Секунда за секундой утекало время.
Вот и свисток.
Мы собрались в центре поля, поклонились, помахали руками болелам, благодаря их за поддержку. Большинство нам аплодировало, но некоторые свистели. Потому что нельзя обижать своих болельщиков.
Питекантроп спустился в проход, сел на ступеньку, запрокинув голову. Над ним колдовал наш врач, а вокруг квохтала Лерочка.
Погосян будто забыл, что обиделся на меня, толкнул в бок.
— А че с Микробом?
— Так смотри, — я кивнул на Леру. — Видишь?
Мика скривился.
— Вот же сучка! Федора теперь дисквалифицируют. Как бы весь круг без него не пришлось играть.
Уже на бровке я заметил, как к питекантропу, спустившемуся на скамейку, чтобы не мешать болелам расходиться, проталкивается взволнованная Дарина, которая смотрела игру где-то с середины стадиона. Просить ее о том, чтобы она починила питекантропу сломанный нос, и он не подал в суд, я не стал. И так она очень помогла с Семеркой.
В раздевалке нас собрал Димидко и спросил:
— Где Федор, мать его, Дискоболович? Что это вообще было?
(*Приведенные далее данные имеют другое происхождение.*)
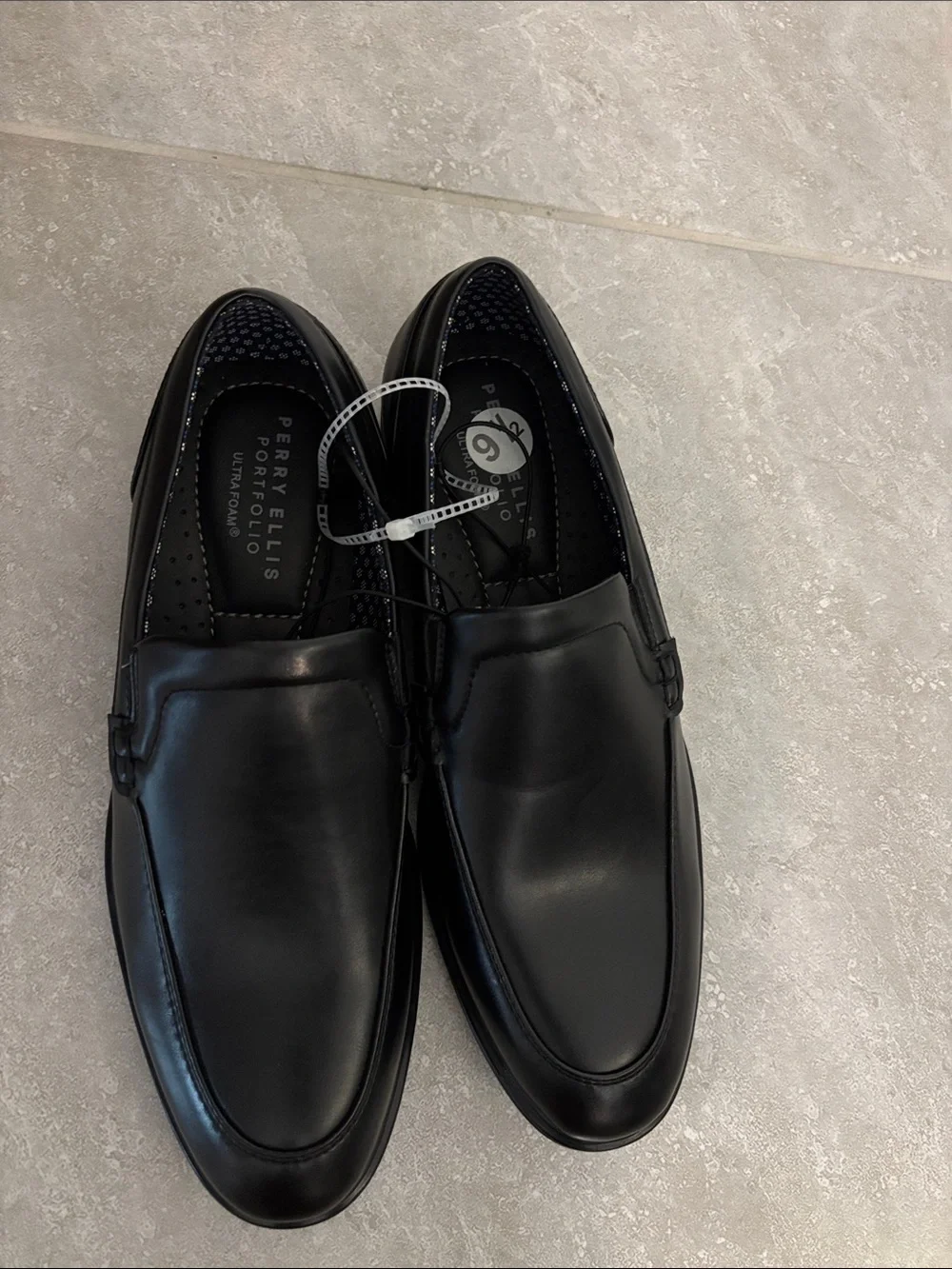 Perry Ellis Black Slip-On Leather Loafers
— Нет его, — отчитался Клыков. — Свалил.
— Я понимаю, у него личные причины, но зачем так делать во время игры? Не мог финального свистка дождаться?
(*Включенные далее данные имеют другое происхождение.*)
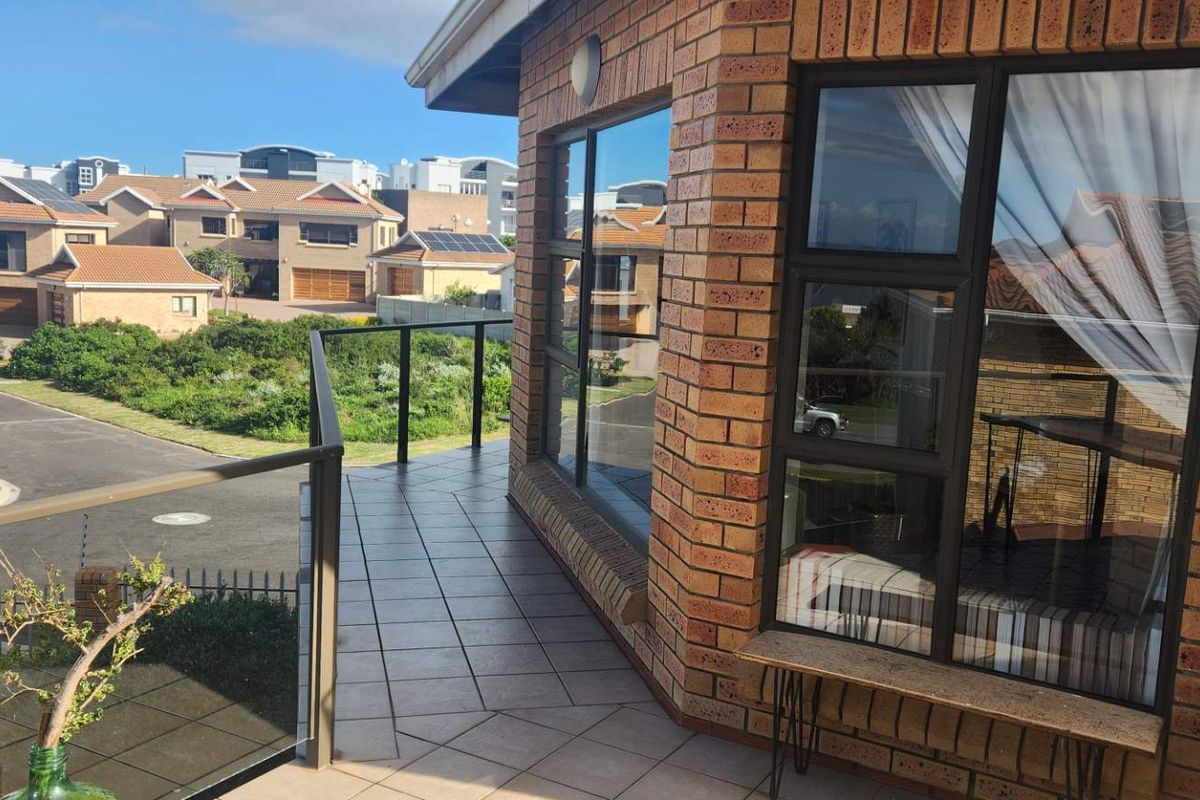 HOME OF DISTINCTION IN SMALL COMPLEX WITH SEA VIEWS - Photo 4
— Козел, так нас подвести, — оценил его поступок Жека.
— Сам ты козел, — осадил его Клык. — Только о себе думаешь, а я Федю понимаю.
Мика понимал Микроба еще лучше:
— Он из-за Лерки этой чуть не суициднул, она это знала и все равно приперлась.
Подорвавшись, он рванул на поле — видимо, высказывать Лерке все, что он о ней думает.
— Стоять! — рявкнул Димидко.
Но он не остановил Мику, мало того, за Погосяном рванули Гусак с Левашовым.
Димидко закатил глаза.
— Твою мать! Кто-нибудь, остановите их, мне еще с арбитром объясняться!
Мы с Матвеичем переглянулись, кивнули друг другу и побежали на стадион, чтобы предотвратить побоище.
У группы поддержки Микроба были полминуты форы, они уже добежали до Лерки с питекантропом. Погосян рвался в бой, его не пускал охранник и доктор, раскинувший руки. Питекантроп встал, топорща торчащие из носа ватные турунды, за его спину пряталась Лерка.